Most of this book clues you in on crowdsourcing from the point of view of the crowdsourcer, the person who designs and manages the crowdsourcing activity. But just as bosses in organisations benefit from getting out on the shop floor, being part of the crowd yourself enables you to gain a good understanding of crowdsourcing.

From within the crowd, you see how the crowd works and how it deals with specific crowdsourced jobs. You notice how individuals interact with the crowdmarket, which tasks are difficult and which are easy, which instructions guide you to do the job well and which are confusing. And you develop a keen sense of which skills are actually needed for a task.
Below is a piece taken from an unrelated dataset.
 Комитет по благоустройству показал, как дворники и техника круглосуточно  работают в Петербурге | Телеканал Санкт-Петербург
The most experienced crowdsourcers spend a few minutes each day in the crowd. Doing so lets them see whether their crowdsourced job is going well and lets them keep an eye on what their competitors are doing.

remember.eps In the crowd, no one need know that you’re a crowdsourcer. The other members of the crowd need never know that you’re someone who’s designing and managing crowdsourced activities.
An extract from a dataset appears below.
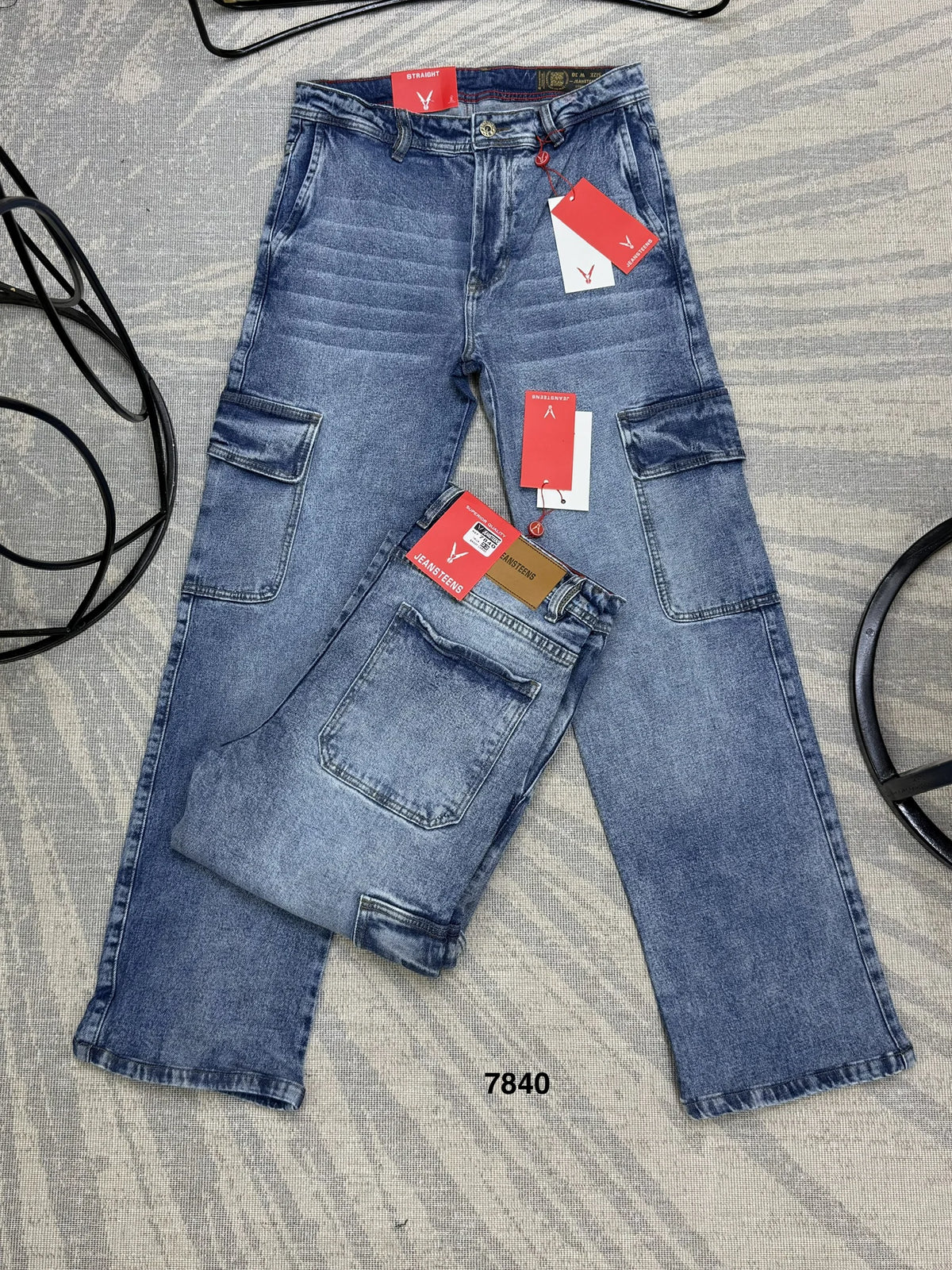Jean Baggy referencia 7840, color Celeste, talla 36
In this chapter, I help you take a walk in the crowdworker’s shoes, which can help you gain valuable knowledge to inform your crowdsourcing activities. First, I walk you through the crowdworker’s process, and then I pick out key lessons you can take from being in the crowdworker’s shoes. Finally, I suggest three major crowdsourcing activities for you to try out: Wikipedia, Amazon’s Mechanical Turk and Zooniverse.

Following the Crowdworker’s Steps

To undertake crowdwork, you usually take these five steps:

1. Register at the crowdmarket.

The crowdmarket is the place where crowdsourcers and crowdworkers meet. Crowdsourcers bring tasks that they need to have done. Crowdworkers come to do those tasks (for more details, head over to Chapter 2). Sometimes, crowdmarkets don’t look much like a market. Wikipedia, for example, doesn’t look much like a market, but it is one. Other crowdmarkets, though, such as Amazon’s Mechanical Turk or Elance or oDesk, look exactly like markets.
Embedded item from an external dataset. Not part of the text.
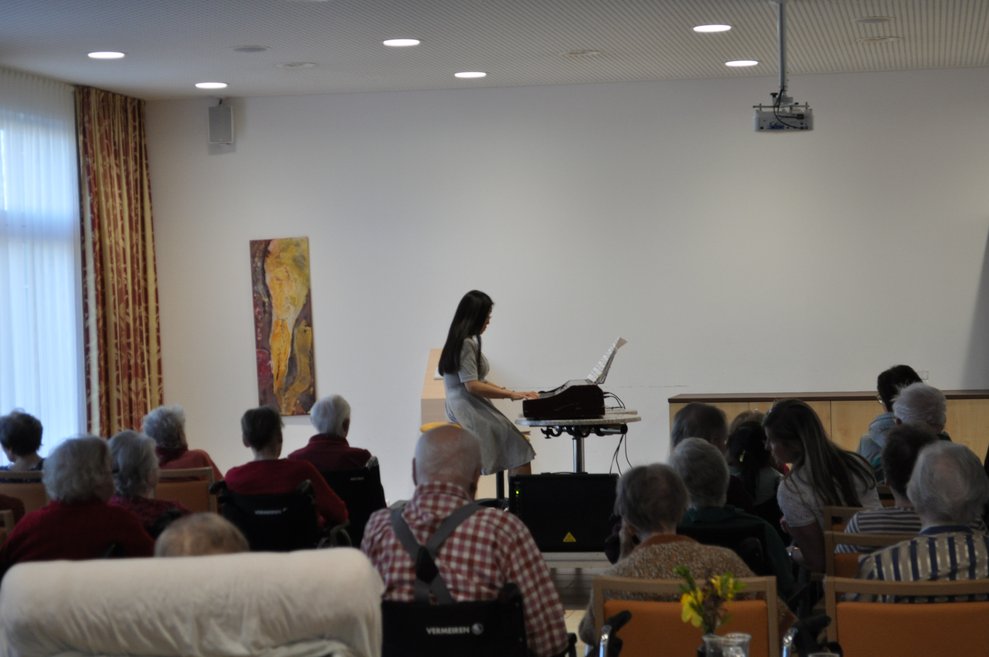 Pianistin Frau Sayoko Akimoto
remember.eps Because crowdmarkets don’t always look like marketplaces, people often refer to them as crowdsourcing sites or crowdsourcing platforms. Registering at a market is just like registering at any commercial website: you create an identifier and password for yourself and give the site a certain amount of personal information.

If the market pays its workers, the workers also have to give their tax information. In the USA, a worker has to give his social security number; in the UK, it’s the National Insurance number; and in Australia, it’s the tax file number. The worker may also have to give details of a bank account or PayPal account so that the market can transfer his earnings.

2. Verify your skills.

Crowdmarkets usually ask workers to demonstrate their skills. They verify your skills in different ways, depending on the kind of crowdsourcing that you’re doing. (For more on different types of crowdsourcing, check out Chapter 2.)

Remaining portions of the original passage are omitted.